O IV Consenso Brasileiro sobre a Infecção por Helicobacter pylori (2018) recomenda a terapia tríplice padrão como primeira linha, que consiste em um inibidor de bomba de prótons (IBP) em dose dupla, claritromicina 500 mg duas vezes ao dia e amoxicilina 1 g duas vezes ao dia, por um período de 14 dias. A duração de 14 dias tem demonstrado maior taxa de erradicação em comparação com 7 dias, especialmente em regiões com maior resistência à claritromicina.
A infecção por Helicobacter pylori é uma das infecções bacterianas crônicas mais comuns no mundo, associada a diversas doenças gastroduodenais, como gastrite crônica, úlcera péptica e câncer gástrico. A erradicação da bactéria é fundamental para o tratamento e prevenção dessas condições, melhorando a qualidade de vida dos pacientes e reduzindo riscos a longo prazo. O IV Consenso Brasileiro sobre a Infecção por Helicobacter pylori (2018) atualizou as recomendações de tratamento, visando otimizar as taxas de erradicação e combater a crescente resistência antimicrobiana. A terapia de primeira linha recomendada é a terapia tríplice padrão, que combina um inibidor de bomba de prótons (IBP) em dose dupla com dois antibióticos: claritromicina e amoxicilina. A duração do tratamento é um fator crítico para o sucesso, sendo atualmente recomendados 14 dias para a terapia tríplice. A escolha das doses e a adesão do paciente são essenciais. Em caso de falha terapêutica, outras opções como a terapia quádrupla ou regimes baseados em sensibilidade devem ser consideradas, destacando a importância de uma abordagem individualizada e a vigilância da resistência antimicrobiana.
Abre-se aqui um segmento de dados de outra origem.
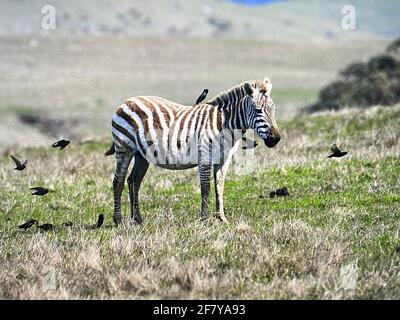 Zebre che pascolano con gli uccelli nel parco di San Simeon, il castello di hearst, la costa centrale della California. Foto di Jennifer Graylock-Graylock.com Foto Stock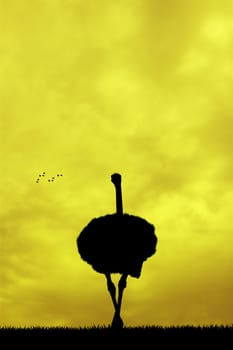 illustration of ostrich at sunset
As principais indicações incluem úlcera péptica (gástrica ou duodenal), linfoma MALT gástrico, gastrite atrófica, dispepsia funcional (após exclusão de outras causas) e prevenção de câncer gástrico em grupos de risco, como familiares de primeiro grau de pacientes com câncer gástrico.
A duração do tratamento influencia diretamente a taxa de erradicação. Estudos mostram que regimes de 14 dias são mais eficazes que os de 7 ou 10 dias, especialmente em regiões com alta prevalência de resistência à claritromicina, otimizando o sucesso terapêutico.
Em caso de falha da terapia tríplice, pode-se optar por terapias quádruplas (com bismuto ou sem bismuto), terapia concomitante, terapia sequencial ou terapia guiada por cultura e antibiograma, dependendo do perfil de resistência local e da história prévia de tratamento do paciente.